Quand il a entendu la nouvelle, le responsable du dossier à la Coalition Saint-Laurent, Sylvain Archambault, avoue « être tombé de sa chaise ». « Corridor est dans les patates », lance-t-il, surpris de la lecture que la société semble faire de la nouvelle loi. Bien au fait du délai de 365 jours que la réforme de juillet impose désormais à l’évaluation des projets désignés, il rappelle que celui-ci ne tient pas compte du temps que prend le promoteur lui-même pour recueillir les renseignements nécessaires à l’évaluation.
« Quand la loi est entrée en vigueur, le 6 juillet 2012, le compteur du projet Old Harry partait à zéro, consent-il. Mais à ce moment-là, la balle était dans le camp de Corridor, parce qu’elle avait à répondre aux recommandations d’Environnement Canada. Donc, le compteur n’est même pas parti encore. Corridor n’a même pas répondu à la première série de commentaires ! Le compteur, il va partir le jour où Corridor va déposer sa réponse. »
M. Archambault est d’autant plus surpris que le C-NLOPB a spécifiquement averti Corridor, dans une lettre datée du 12 juillet dernier et dont Le Devoir a obtenu copie, que « la période que prend le promoteur pour répondre à une exigence de l’autorité responsable en recueillant des renseignements et en complétant une étude n’est pas prise en compte dans le calcul de cette limite de temps ».

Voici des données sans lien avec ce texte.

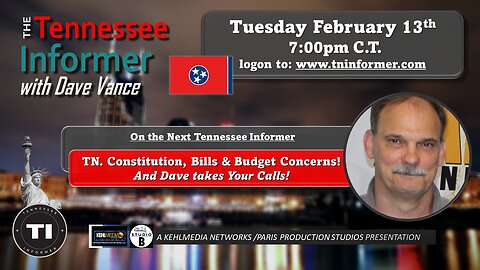 🎙️Dave Talks Tennessee Constitution, Bills & Budget Concerns, AND Dave takes YOUR calls!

En outre, il est impossible, selon M. Archambault, que Corridor puisse déposer son étude d’impact finale au début 2013, comme l’affirme M. Durling. « Ils ont 120 pages de questions auxquels ils doivent répondre, constate-t-il. Mais ensuite, ça retourne aux ministères fédéraux, et là, c’est certain qu’il va y avoir une deuxième série de commentaires. Moi, je ne prévois pas de dépôt final avant l’été 2013. »
M. Archambault voit beaucoup de « bluff » dans les annonces de Corridor. Il en veut pour preuve les apparentes contradictions qui entourent son fameux modèle de déversement, que Corridor n’a d’ailleurs pas l’intention de revoir. D’un côté, ce modèle est exclusivement construit sur l’hypothèse d’un pétrole « ultraléger » qui se tiendrait à la surface des eaux, mais, de l’autre, le président de Corridor, Philip Knoll, admettait au printemps dernier au magazine Québec Science qu’on ne pouvait être certain de la nature du pétrole que contiendrait Old Harry : léger, lourd ou sulfureux.
Une incertitude que partage M. Durling lui-même. « Old Harry pourrait potentiellement contenir un milliard de barils de pétrole ou plusieurs billions de pieds cubes de gaz naturel, disait-il en entrevue. Mais on ne sait pas vraiment ce qui se trouve là, et on ne le saura pas avant d’avoir foré un puits. »
Il n’est d’ailleurs pas certain que Corridor aille de l’avant s’il s’agit de gaz naturel et non de pétrole. Dans les 50 dernières années, une dizaine de puits ont été forés dans le golfe. Aucun n’a permis de localiser des réservoirs de pétrole.
Corridor a acquis son permis d’exploration sur Old Harry en 2008. Elle a jusqu’en janvier 2015 pour forer, à défaut de quoi elle pourrait le perdre. Par ailleurs, l’étude environnementale stratégique que mène, depuis 2005, le C-NLOPB dans la portion du golfe où se trouve Old Harry ne remet pas en cause ce permis. Elle pourrait, par contre, resserrer les exigences environnementales d’un éventuel projet de forage. On en attend les conclusions au printemps 2013.